Ceci n’est sans aucun doute pas une fake news, et il convient de rappeler que ce documentaire est financé et diffusé sur un média d’État français, médias et pays qui ne feraient donc pas le moins du monde ce qui dans ce documentaire est reproché à la Russie et aux médias russes.
- Retour sur la campagne présidentielle française, et le « comité Marine » Russe qui aurait diffusé une fake news relativement à un compte secret supposément possédé par Macron aux Bahamas, fausse information « reprise sur tous les réseaux sociaux » dit le réalisateur aux sons d’une musique digne d’un Watergate. D’autant que « l’information » est reprise par Marine Le Pen lors du débat. Dans le même temps, les boîtes mails des collaborateurs de Macron auraient été piratées et des documents diffusés sur le net. Heureusement, « les médias français refusent de reprendre les informations diffusées » (« Macron leaks »).
- Insistance sur les prêts russes à Marine Le Pen, l’idée étant que cet argent achèterait la possible future présidente. Moreira ne s’interroge pas sur le pourquoi des refus de prêts bancaires à un parti politique en monde démocratique. Ceci ne paraît pas au moins autant antidémocratique qu’un Poutine aux yeux du réalisateur.
- La parole est à Chauprade, dont Moreira n’indique pas qu’il est devenu un adversaire de Marine Le Pen, pour dire que le Kremlin cherchait bien un « agent d’influence », qu’il pourrait « contrôler un peu ».

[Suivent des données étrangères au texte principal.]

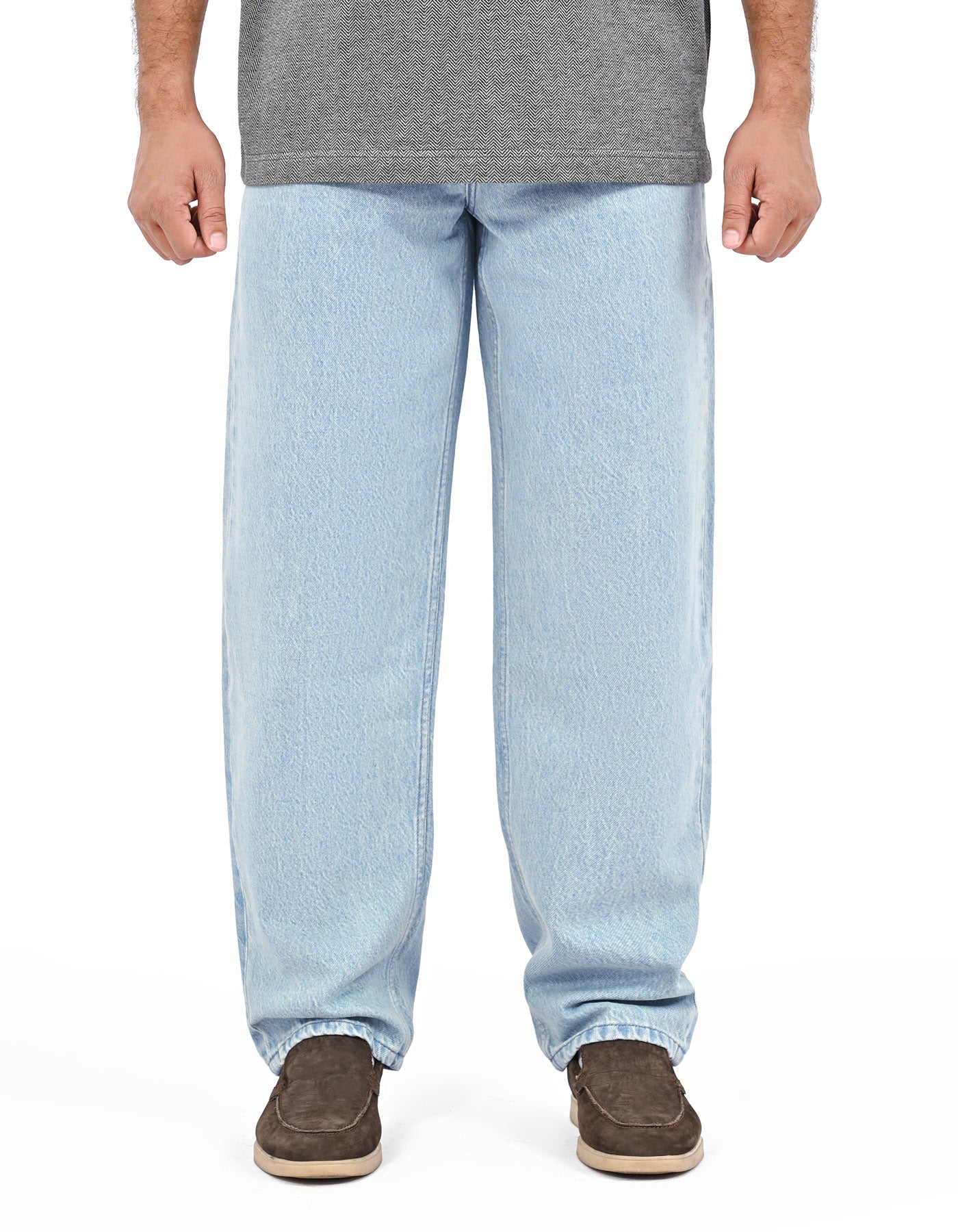 Ice Blue Relax Fit Denim DM2620-28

Un documentaire simplement malhonnête
In fine ce documentaire est incroyablement à charge, clairement propagandiste, contre un Poutine et une Russie qui agiraient à l’échelle planétaire pour porter au pouvoir « leurs » candidats, dont Trump et Marine Le Pen. L’esprit critique, la mise en perspective sont absents. La Russie trafiquerait donc les élections des démocraties libérales, favorisant « l’extrême droite ». La Russie est ce grand méchant que l’occident des élites mondialisées se construit pour se faire peur, et se persuader qu’il est le Camp du Bien. Une jeune femme, un blogueur russe, quelques pages FB, un « fan club » russe favorable à Marine Le Pen, l’AFD, les supposées « fake » relatives aux viols perpétrés par des migrants en Allemagne, un « témoin » homophobe qui admire Jean-Marie Le Pen, quatre membres de La Manif Pour Tous qui soutiennent Poutine, un prêt bancaire… et voilà une chaîne de télévision, Arte, qui travaille par ailleurs à débusquer les fake news, par exemple en association avec Libération, qui diffuse ici un documentaire qui sent bon son complotisme visant à montrer que Marine Le pen aurait été « transformée en agent d’influence du Kremlin ». Au centre, un jeune russe en tee-shirt qui ferait et déferait les élections mondiales… « Que voulait Poutine de Marie Le Pen ? ». C’est diffusé 5 jours avant les élections en Russie, et ce n’est pas un fake. On attend un documentaire du même réalisateur sur les « agents d’influence » et les soutiens non russes de Macron. Chiche ? Ou bien sur le rôle des aliens dans la politique française. Arte est tellement accueillante.